I began taking a look at recruiting commercials for the United States Marines. I found a couple that interested me. USMC Commercial #1 interested me because of the 30 second commercial; there are no words until the 25 second mark. Before that it is images glorifying the Marines. There are drill lines doing fancy things with guns, planes taking off from a battle ship, marines walking across a rough terrain and breaking into a run down house. Then the words come across the screen “We do not accept applications, only commitments.” Following more images of Marines doing ‘cool’ things. Following the words, an announcer saying “The few, the proud, the Marines.” I think this commercial is very effective because it makes the Marines look like all they do is cool, manly stuff.

USMC Commercial #2 has all spoken words. It shows images from WWII and the beach of Normandy. It then shows a Marine surrounded by kids in an apparent other country. The narrator talks about “freeing countries, protecting the weak and defeating the strong.” This is another commercial glorifying the Marines. This makes me think that someone has found glorification to be the best recruitment method.

This then made me think of the WWI poems we read. Rupert Brooke’s poem, The Soldier, can also be argued that he is glorifying the soldier.

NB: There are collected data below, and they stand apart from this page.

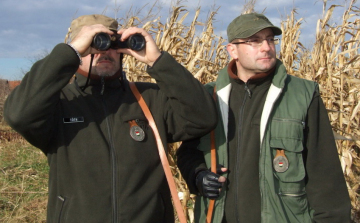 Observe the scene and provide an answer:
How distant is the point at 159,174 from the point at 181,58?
8.29ft

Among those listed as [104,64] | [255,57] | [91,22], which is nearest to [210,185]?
[255,57]

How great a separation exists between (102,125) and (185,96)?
0.52m

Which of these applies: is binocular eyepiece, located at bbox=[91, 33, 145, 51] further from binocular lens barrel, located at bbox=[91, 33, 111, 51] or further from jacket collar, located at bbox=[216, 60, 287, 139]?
jacket collar, located at bbox=[216, 60, 287, 139]

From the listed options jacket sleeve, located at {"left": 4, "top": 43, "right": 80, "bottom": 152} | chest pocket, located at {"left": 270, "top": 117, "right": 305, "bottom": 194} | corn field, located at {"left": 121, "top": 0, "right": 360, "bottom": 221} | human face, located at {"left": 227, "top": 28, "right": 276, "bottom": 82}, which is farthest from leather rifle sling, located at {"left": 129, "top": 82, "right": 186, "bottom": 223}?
corn field, located at {"left": 121, "top": 0, "right": 360, "bottom": 221}

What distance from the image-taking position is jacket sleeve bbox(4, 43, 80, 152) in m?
2.05

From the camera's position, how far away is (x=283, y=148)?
2.25 meters

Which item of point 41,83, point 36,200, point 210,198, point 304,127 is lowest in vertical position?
point 36,200

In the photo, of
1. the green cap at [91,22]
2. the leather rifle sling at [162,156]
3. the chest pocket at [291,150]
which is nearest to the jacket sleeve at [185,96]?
the leather rifle sling at [162,156]

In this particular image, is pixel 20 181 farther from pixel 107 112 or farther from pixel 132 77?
pixel 107 112

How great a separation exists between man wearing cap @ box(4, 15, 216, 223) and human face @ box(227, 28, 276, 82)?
422 mm

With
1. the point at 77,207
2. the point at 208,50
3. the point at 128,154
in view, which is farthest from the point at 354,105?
the point at 77,207

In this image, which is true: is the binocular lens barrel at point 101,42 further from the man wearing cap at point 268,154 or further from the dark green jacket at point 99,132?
the man wearing cap at point 268,154

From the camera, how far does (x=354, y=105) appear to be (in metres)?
4.04

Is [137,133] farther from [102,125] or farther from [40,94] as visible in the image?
[40,94] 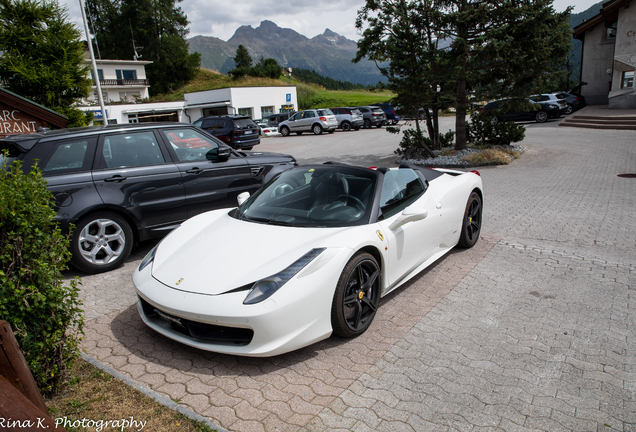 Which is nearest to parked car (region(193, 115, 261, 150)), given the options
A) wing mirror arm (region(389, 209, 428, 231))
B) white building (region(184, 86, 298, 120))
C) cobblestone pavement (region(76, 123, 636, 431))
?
cobblestone pavement (region(76, 123, 636, 431))

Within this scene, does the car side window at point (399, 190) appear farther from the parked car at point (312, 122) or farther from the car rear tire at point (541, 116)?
the car rear tire at point (541, 116)

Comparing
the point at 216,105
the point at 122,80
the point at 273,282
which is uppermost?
the point at 122,80

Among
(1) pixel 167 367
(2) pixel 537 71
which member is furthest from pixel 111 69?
(1) pixel 167 367

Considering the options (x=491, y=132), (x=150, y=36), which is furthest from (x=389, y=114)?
(x=150, y=36)

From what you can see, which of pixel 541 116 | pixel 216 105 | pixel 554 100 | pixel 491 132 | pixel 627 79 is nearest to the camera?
pixel 491 132

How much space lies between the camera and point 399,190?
4707 mm

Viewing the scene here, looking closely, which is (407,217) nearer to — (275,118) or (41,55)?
(41,55)

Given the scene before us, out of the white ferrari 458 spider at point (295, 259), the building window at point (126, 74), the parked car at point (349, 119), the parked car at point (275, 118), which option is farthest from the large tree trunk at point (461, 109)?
the building window at point (126, 74)

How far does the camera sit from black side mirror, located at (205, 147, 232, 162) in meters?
6.45

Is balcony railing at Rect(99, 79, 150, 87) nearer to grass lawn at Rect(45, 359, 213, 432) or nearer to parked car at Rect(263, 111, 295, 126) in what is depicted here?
parked car at Rect(263, 111, 295, 126)

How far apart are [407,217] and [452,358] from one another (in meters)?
1.38

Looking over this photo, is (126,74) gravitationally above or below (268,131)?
above

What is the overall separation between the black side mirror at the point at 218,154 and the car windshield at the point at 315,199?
1.84 meters

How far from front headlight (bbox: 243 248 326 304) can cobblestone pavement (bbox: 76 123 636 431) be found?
0.61 metres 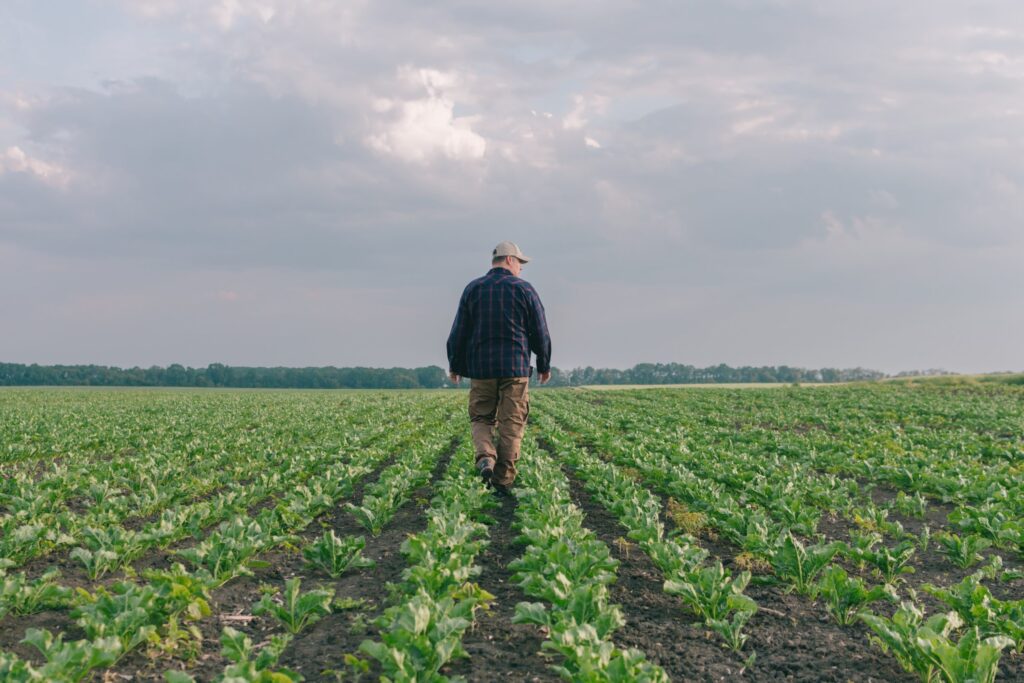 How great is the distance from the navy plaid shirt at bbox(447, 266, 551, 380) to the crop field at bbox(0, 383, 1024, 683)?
1447 mm

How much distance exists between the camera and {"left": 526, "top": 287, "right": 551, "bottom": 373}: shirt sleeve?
888 centimetres

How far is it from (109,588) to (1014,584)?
23.9 feet

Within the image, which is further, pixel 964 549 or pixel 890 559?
pixel 964 549

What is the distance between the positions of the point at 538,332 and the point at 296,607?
5.20 meters

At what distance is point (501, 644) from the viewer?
418 cm

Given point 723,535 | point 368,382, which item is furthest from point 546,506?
point 368,382

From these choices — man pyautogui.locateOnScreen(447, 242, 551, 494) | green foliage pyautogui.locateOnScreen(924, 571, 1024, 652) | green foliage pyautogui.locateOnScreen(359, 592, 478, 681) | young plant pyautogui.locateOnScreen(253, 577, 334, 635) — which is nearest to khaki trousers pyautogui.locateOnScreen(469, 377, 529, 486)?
man pyautogui.locateOnScreen(447, 242, 551, 494)

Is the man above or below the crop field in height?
above

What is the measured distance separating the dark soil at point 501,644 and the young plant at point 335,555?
1.01 meters

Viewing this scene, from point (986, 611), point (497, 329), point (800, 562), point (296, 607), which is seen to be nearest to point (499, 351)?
point (497, 329)

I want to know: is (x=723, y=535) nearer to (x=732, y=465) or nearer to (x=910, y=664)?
(x=910, y=664)

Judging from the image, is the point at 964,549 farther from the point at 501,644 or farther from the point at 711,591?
the point at 501,644

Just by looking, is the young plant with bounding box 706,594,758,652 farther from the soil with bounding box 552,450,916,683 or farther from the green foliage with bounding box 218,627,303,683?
the green foliage with bounding box 218,627,303,683

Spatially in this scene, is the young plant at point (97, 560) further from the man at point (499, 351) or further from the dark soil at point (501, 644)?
the man at point (499, 351) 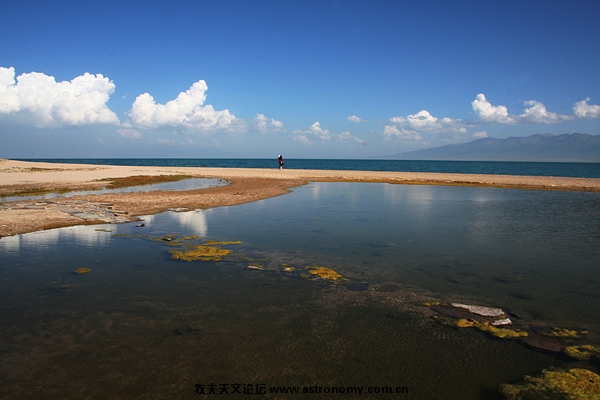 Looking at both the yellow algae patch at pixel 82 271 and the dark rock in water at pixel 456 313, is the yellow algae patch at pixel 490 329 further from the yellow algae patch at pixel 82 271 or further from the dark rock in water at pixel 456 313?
the yellow algae patch at pixel 82 271

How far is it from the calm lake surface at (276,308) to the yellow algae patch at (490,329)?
26cm

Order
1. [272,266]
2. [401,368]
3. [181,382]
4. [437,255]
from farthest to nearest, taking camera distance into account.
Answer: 1. [437,255]
2. [272,266]
3. [401,368]
4. [181,382]

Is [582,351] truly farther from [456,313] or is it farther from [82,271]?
[82,271]

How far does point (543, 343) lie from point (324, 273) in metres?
4.92

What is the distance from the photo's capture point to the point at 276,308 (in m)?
7.76

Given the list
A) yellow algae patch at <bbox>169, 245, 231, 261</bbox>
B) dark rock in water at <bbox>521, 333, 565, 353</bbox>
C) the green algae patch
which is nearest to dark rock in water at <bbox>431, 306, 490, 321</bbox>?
dark rock in water at <bbox>521, 333, 565, 353</bbox>

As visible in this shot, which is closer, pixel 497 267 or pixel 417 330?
pixel 417 330

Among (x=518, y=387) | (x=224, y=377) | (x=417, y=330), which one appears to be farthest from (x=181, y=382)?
(x=518, y=387)

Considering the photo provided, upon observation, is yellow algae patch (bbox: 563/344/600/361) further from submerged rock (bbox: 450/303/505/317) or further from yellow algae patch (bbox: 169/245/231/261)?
yellow algae patch (bbox: 169/245/231/261)

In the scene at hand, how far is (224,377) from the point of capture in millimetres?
5484

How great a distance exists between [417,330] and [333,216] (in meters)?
12.2

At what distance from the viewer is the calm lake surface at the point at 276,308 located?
18.2 ft

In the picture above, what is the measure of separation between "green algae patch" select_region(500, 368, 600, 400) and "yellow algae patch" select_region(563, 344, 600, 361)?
452 millimetres

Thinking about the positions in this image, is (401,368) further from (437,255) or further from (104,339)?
(437,255) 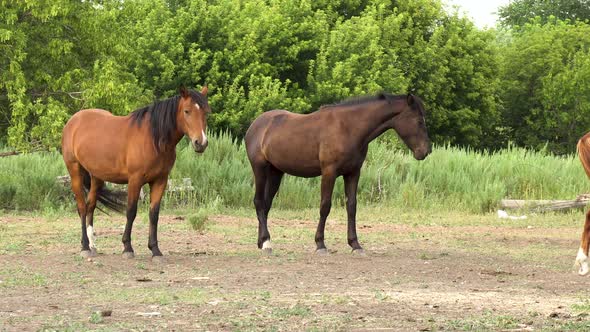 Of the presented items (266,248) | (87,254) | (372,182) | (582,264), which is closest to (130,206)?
(87,254)

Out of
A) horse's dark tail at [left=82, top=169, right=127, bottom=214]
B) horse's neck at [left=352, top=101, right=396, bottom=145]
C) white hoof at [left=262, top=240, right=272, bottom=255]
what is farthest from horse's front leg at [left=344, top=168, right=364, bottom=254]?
horse's dark tail at [left=82, top=169, right=127, bottom=214]

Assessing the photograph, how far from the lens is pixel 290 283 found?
463 inches

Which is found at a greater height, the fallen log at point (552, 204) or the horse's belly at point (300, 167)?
the horse's belly at point (300, 167)

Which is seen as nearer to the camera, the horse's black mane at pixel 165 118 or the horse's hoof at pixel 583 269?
the horse's hoof at pixel 583 269

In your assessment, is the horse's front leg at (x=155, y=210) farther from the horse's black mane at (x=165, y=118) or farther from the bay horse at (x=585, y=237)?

“If I should die, think only this of me: / That there’s some corner of a foreign field/ In that rich earth a ricer dust concealed;/ A dust whom England bore, shaped, made aware,/ A body of England’s, breathing English air,”

Brook is glorifying the death of the soldier just like the Marine videos are glorifying being a solder. This obviously must be the most effective way to recruit soldiers.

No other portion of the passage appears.